If someone gets into my system and accesses information, will it damage my reputation?

This depends on what information you hold about your clients and how the hacker uses it, but if you look at it from your customers' point of view, you wouldn't be happy if an unauthorised third party accessed important information about you. This could damage your reputation, and reputation is crucial in business.

What information might a small business have that it needs to safeguard?

Personal details about clients, including names and addresses, buying records or habits and, perhaps most important of all, credit or debit card details. Such information would be valuable to unscrupulous individuals wishing to use it or sell it on to other parties.

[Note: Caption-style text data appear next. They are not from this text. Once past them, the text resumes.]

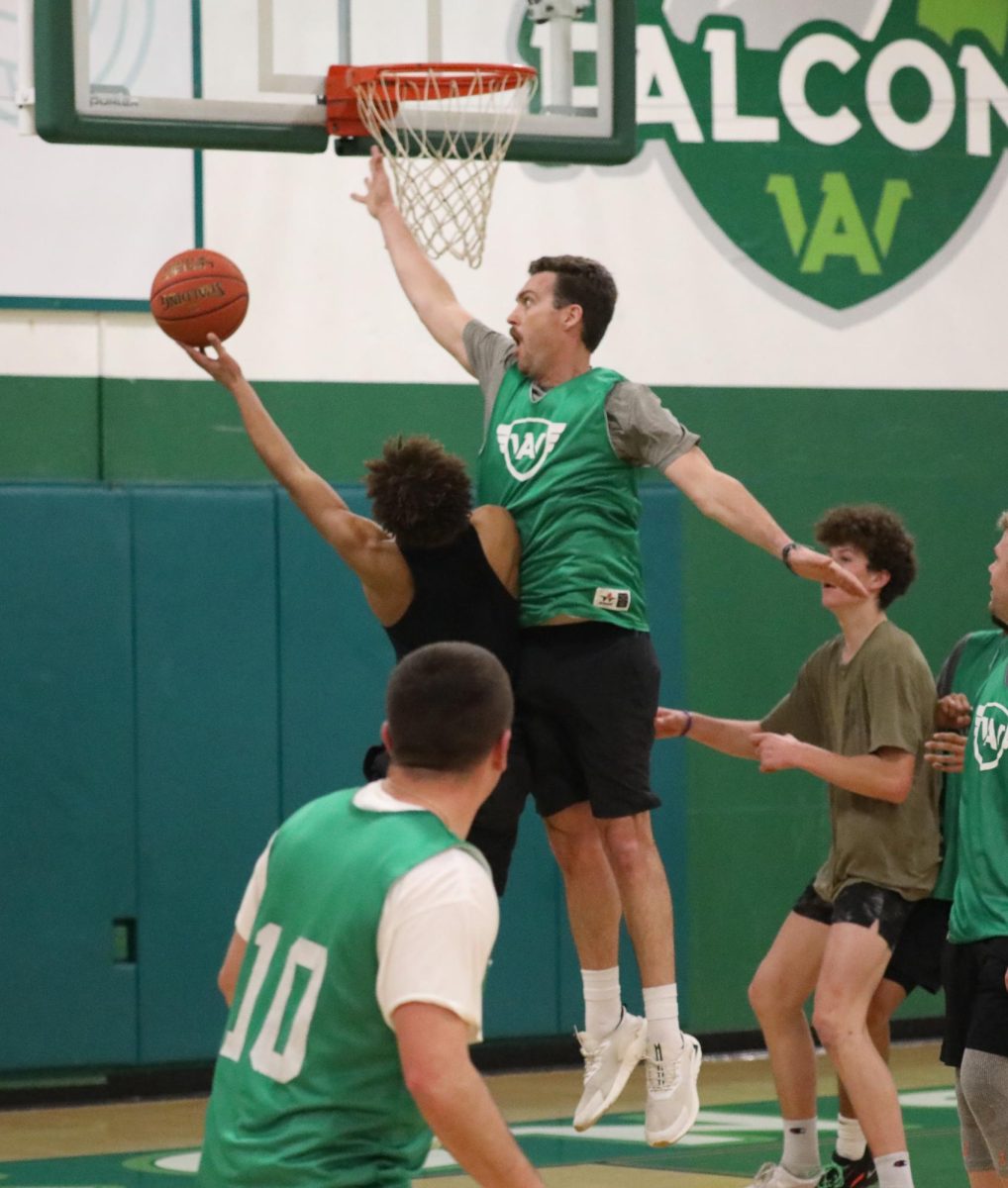 Archie Williams P.E. teacher Tim Parnow jumps to block a shot from sophomore Kai Smith during a Staff vs Student basketball game on Feb. 9.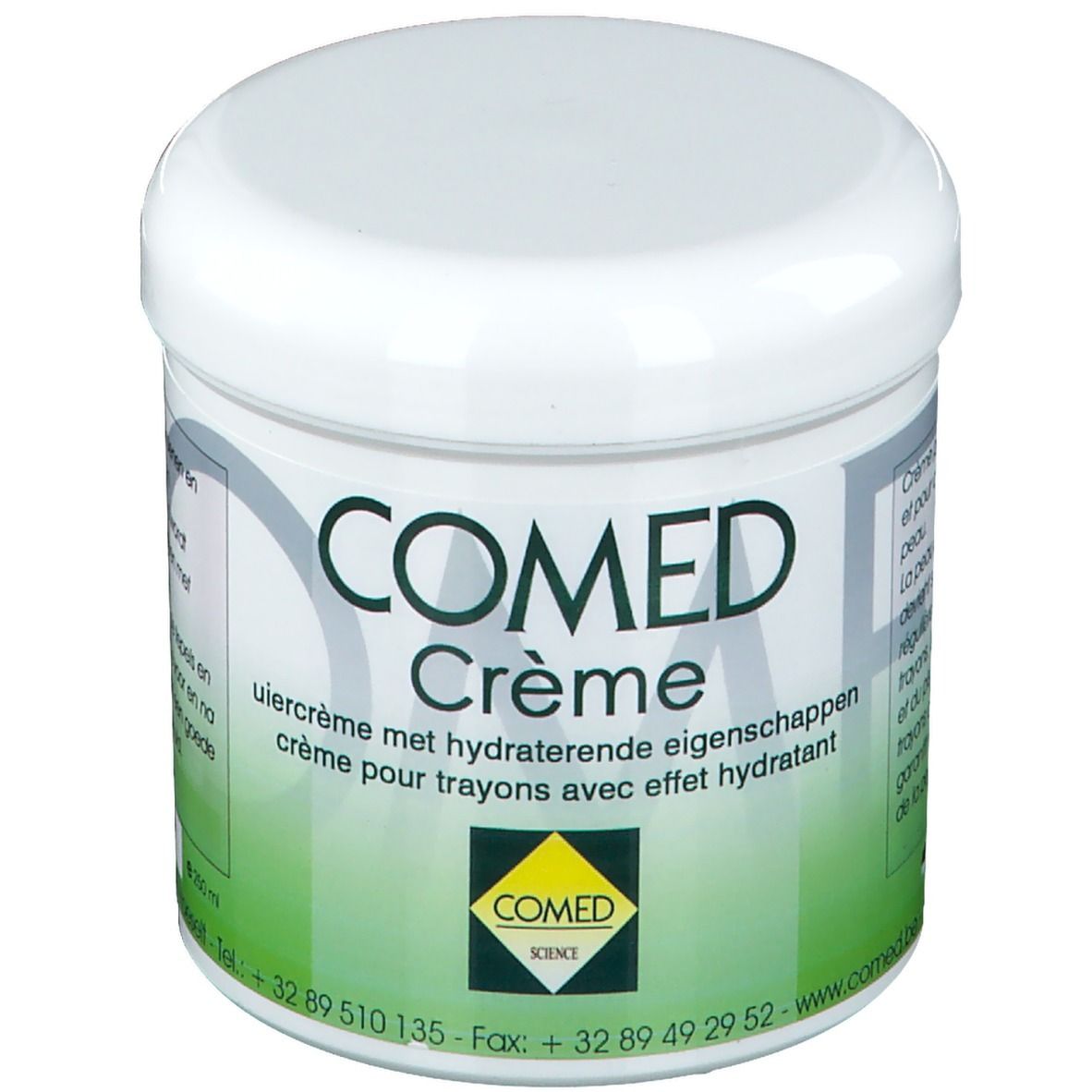 Weißer Tiegel mit grünem Etikett. Aufschrift: COMED Crème. Text in Deutsch, Französisch und Niederländisch. Gelbes Logo.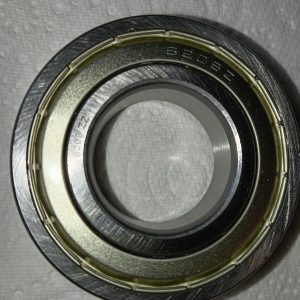 Close-up of a metal ball bearing race: concentric inner and outer rings with a recessed center.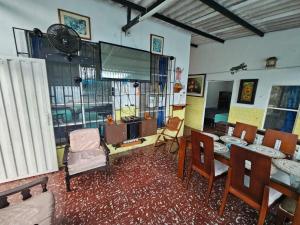a living room with a table and chairs and a clock at VILLA ELSA in El Colegio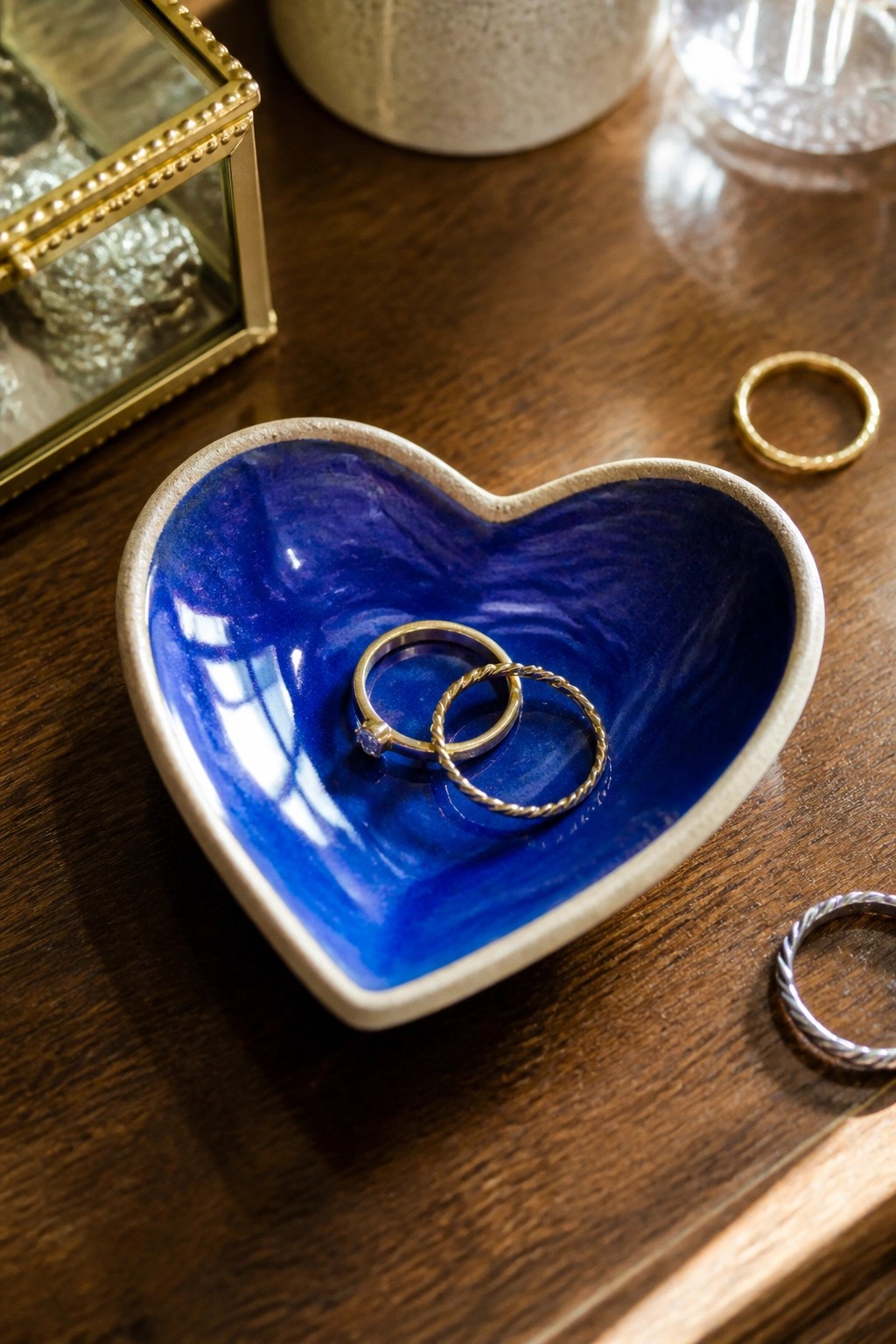 Blue heart-shaped ceramic bowl holding diamond and twisted gold rings on wood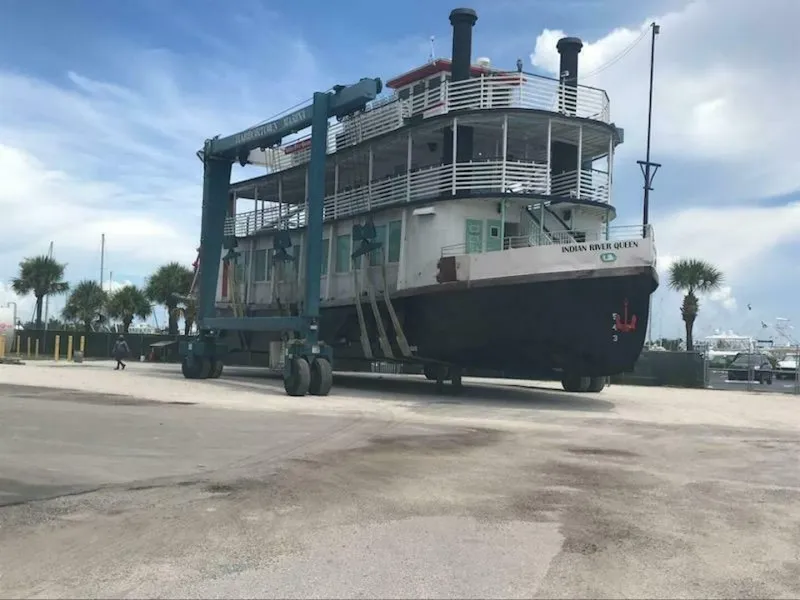 Slide: The Image of A large paddle wheel boat is being lifted on land by a crane. - 3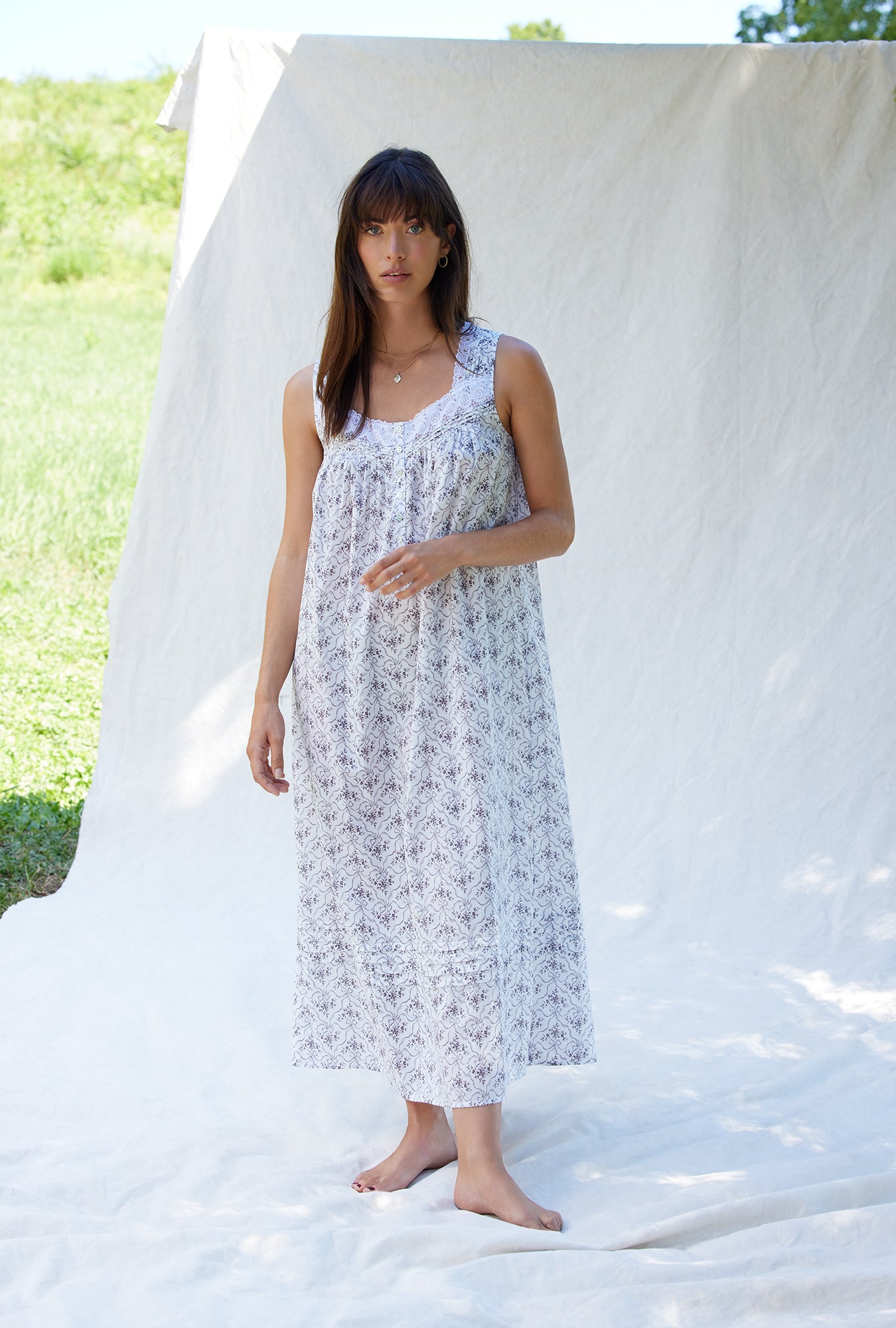 A lady wearing a white sleeveless grey ribbon floral cotton nightgown.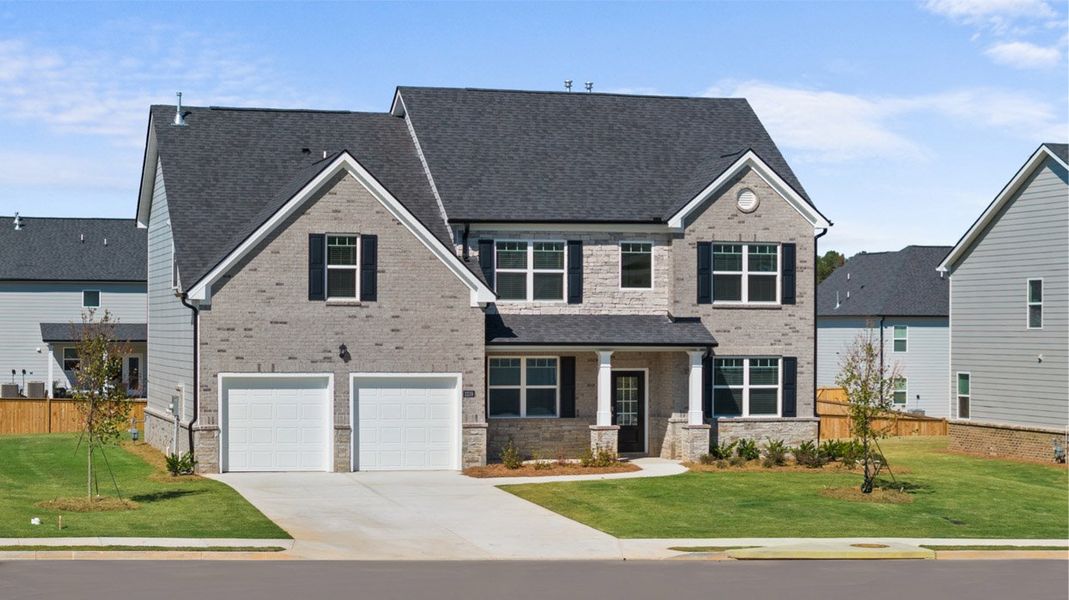 Front exterior of a new home in Independence, Loganville, GA, highlighting curb appeal (Image 1). Front exterior of a new home in Independence, Loganville, GA, highlighting curb appeal (Image 1).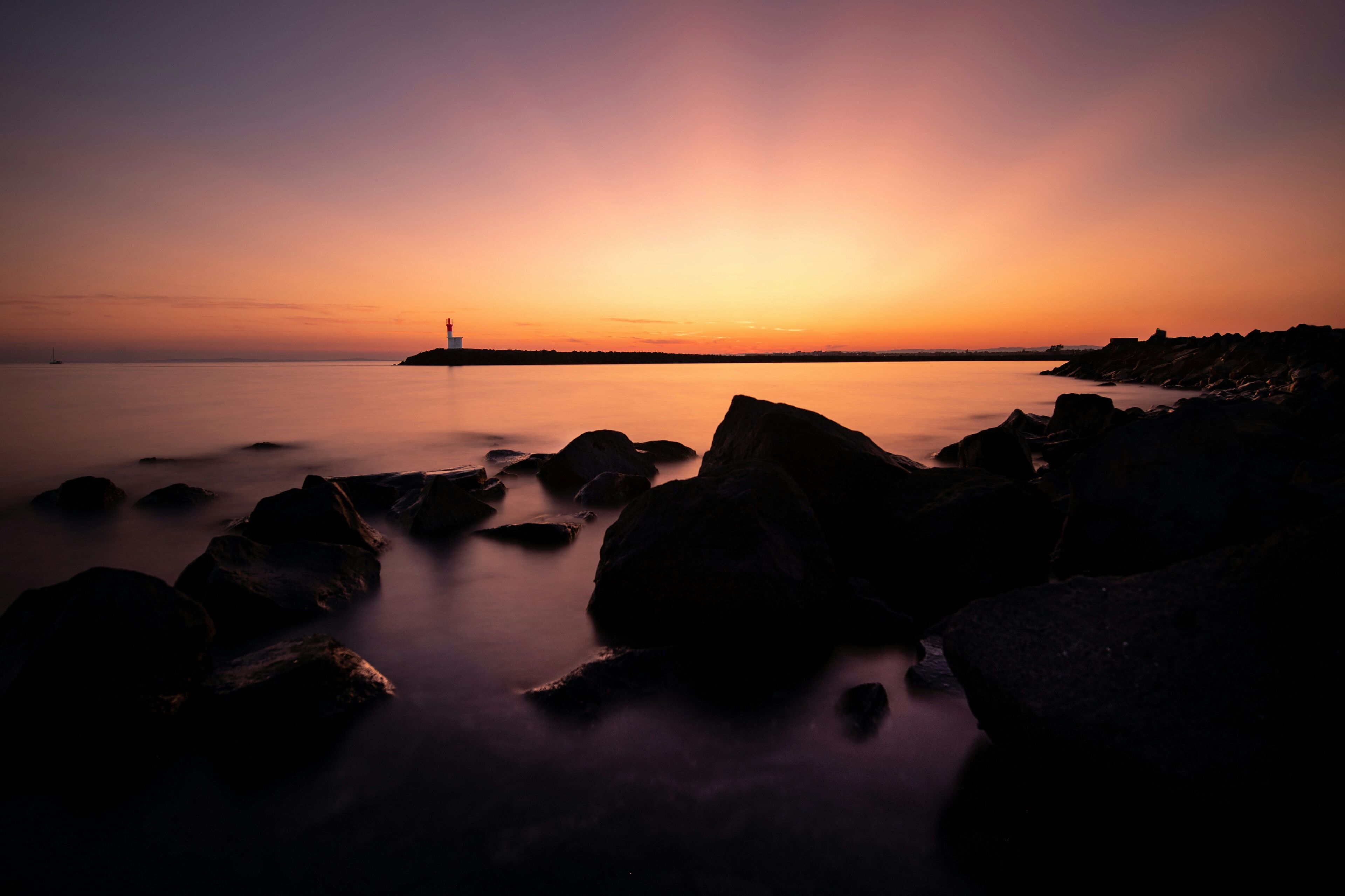 Un coucher de soleil sur la côte, avec la silhouette d’un phare, une mer calme et un rivage rocheux.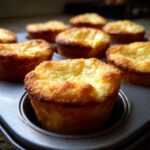 Close-up of golden-brown baby lemon impossible pies baked in a muffin tin, showing their slightly puffed tops.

You will also hold personal information about your employees which you must protect.

Might an owner-manager also have information they want to hide from employees?

Quite possibly – perhaps information about wages or other personal details, which are most likely to be stored on a computer these days. Any information not operationally required by staff should be protected from unauthorised access. Using server security is ideal, or using an external storage device that can be locked in the safe. At the very least, important documents should be encrypted, which grants access only to those who know the password.

I've heard of a 'firewall', but what exactly is it?

A firewall sits between the web user and the big bad world and acts as a wall that prevents intruders from accessing your system. If you have a firewall on your computers and these sit behind a network firewall, any hackers would need to get past two firewalls before being able to explore your device.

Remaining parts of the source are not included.